PARDO, Miguel Eduardo “Madrileñas”. En: El Cojo Ilustrado Año II, Nº 47, Caracas, 1 de Diciembre de 1893. pp. 430-431.



MADRILEÑAS



    La exposición del Círculo de Bellas Artes acaba de cerrarse, no sin haber dado lugar a discusiones que por la traza parecían interminables.
  
     Fue como una lucha entre maestros y discípulos.
   
    Los viejos decían, que si los lienzos de la juventud iban en pos de la victoria ostentando asuntos nuevos, también saltaba a la vista la inexperiencia de los que, por vez primera, iban a disputarles la gloria. La juventud alegó que, no obstante las vacilaciones artísticas, los maestros le abandonaban el campo porque todas las escuelas antiguas están hoy relegadas y sólo priva el modernismo con sus audacias.
  
    Después de esto cualquiera se explica el fracaso.
  
   De la profusión de pinturas expuestas, apenas si puede señalarse media docena de cuadros que, tampoco resisten a la crítica severa.

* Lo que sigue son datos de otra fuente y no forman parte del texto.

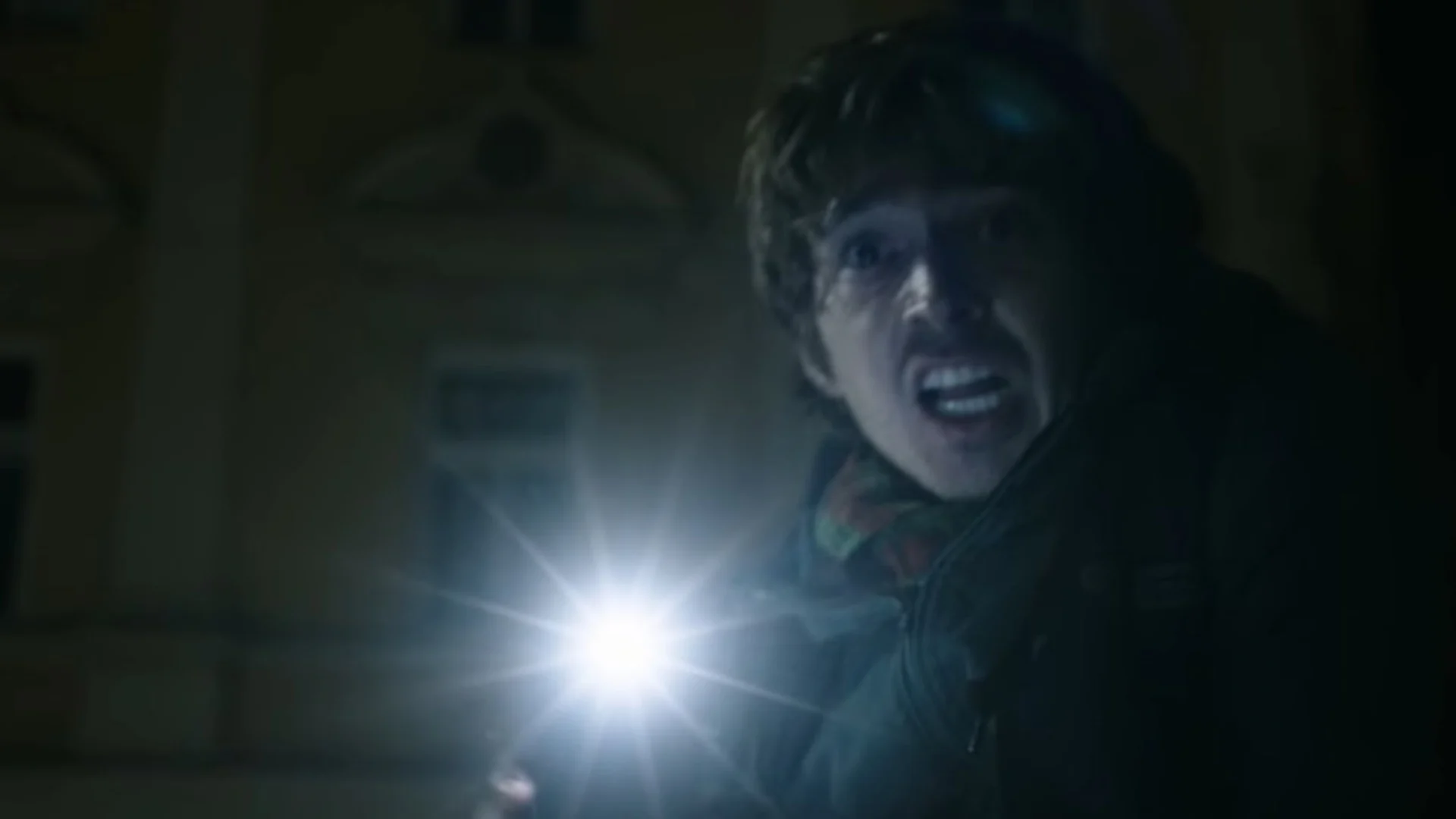 Bryan usa uma lanterna durante uma cena escura de Resident Evil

    Ahí está el de Madrazo: Travesuras de la Modelo: los descuidos son imperdonables en quien como él goza de fama asombrosa.
  
     Representa una bellísima mujer, aprovechando la ausencia del pintor para trazar en el lienzo, apenas embadurnado, un grotesco muñeco: esto resulta bastante original; pero la ejecución es pobre y el dibujo  algo inseguro en aquella cabeza de mujer, que se me antoja reñida con el busto harto opulento.
  
    Más correcto, más real, si cabe, resulta el mismo, o parecido asunto desarrollado por Plá:
  
  “La modelo” sencillamente reclinada en el sofá, se apoya en el almohadón de seda y finge conversar con el pintor. Figúrasele a uno oír el diálogo que sostienen aquellos dos seres perfectamente naturales. Es una pintura elegantísima, limpia, brillante, en que, aparte de calidad de colores, apropiados todos, se ve la interpretación fiel, a consecuencia, sin reflejos de cursilerías sustanciales, sin detalles fastuosos y sin cargamentos de minuciosidades. Hay un salón sencillo, claro, abierto; la mujer no lleva cintajos ni faroles: un sombrerito de verano y una sombrilla de encajes blancos, como el traje. Nada más.
   
    La figura del hombre, del pintor, es soberbia.
   
    Para mí, el estudio de Plá es infinitamente superior al de Madrazo.
  
    “La campesina” de García Sampedro es, en mi sentir, la mejor pintura de la sala. ¡Qué golpes de pincel; qué efusión magistral aquella! En esa campesina, Sampedro se adueño de la paleta y consumó de maestro. Aquel cielo aterciopelado y sereno, aquella azulada perspectiva, del monte lejano, aquel reflejo de sol que muere, aquel montón de hierba palpitante, aquella actitud de la joven rosada, que espera con la resignación del árabe, en medio de la arena, “lo que está escrito”; aquella indefinible melancolía de mirar de ojos rasgados; aquel silencio “que suena” en ese pedazo de naturaleza hermoso… Todo eso es verdad: tiene algo de angelus; algo de esa hora sublime en que la medrosa aventurera de nuestro ser, el alma, bate sus alas dolientes, buscando reposo a los desasosiegos de la vida.
   
  De escuela diametralmente opuesta; pero de procedimientos expresivos hay una página encantadora de costumbres españolas –que parece hecha por Goya– y que pregona bien a las claras el talento de su autor el señor Sorolla.
   
    Presentase como en las vísperas de  una fiesta procesional. Dos hermosas muchachas adornan, en la sacristía de una iglesia, las vestiduras ricas de la virgen, mientras un monaguillo que viene corriendo atolondrado por la escalera del presbiterio, resbala, y cae enredándose en los ruedos del traje rojo: el farol que trae en las manos se hace añicos, y este es motivo para que las muchachas echen el trapo a reír y el cura se enfade y se desespere  más de la cuenta.
   
   Es una obra de primores artísticos muy detallados y muy bien distribuidos.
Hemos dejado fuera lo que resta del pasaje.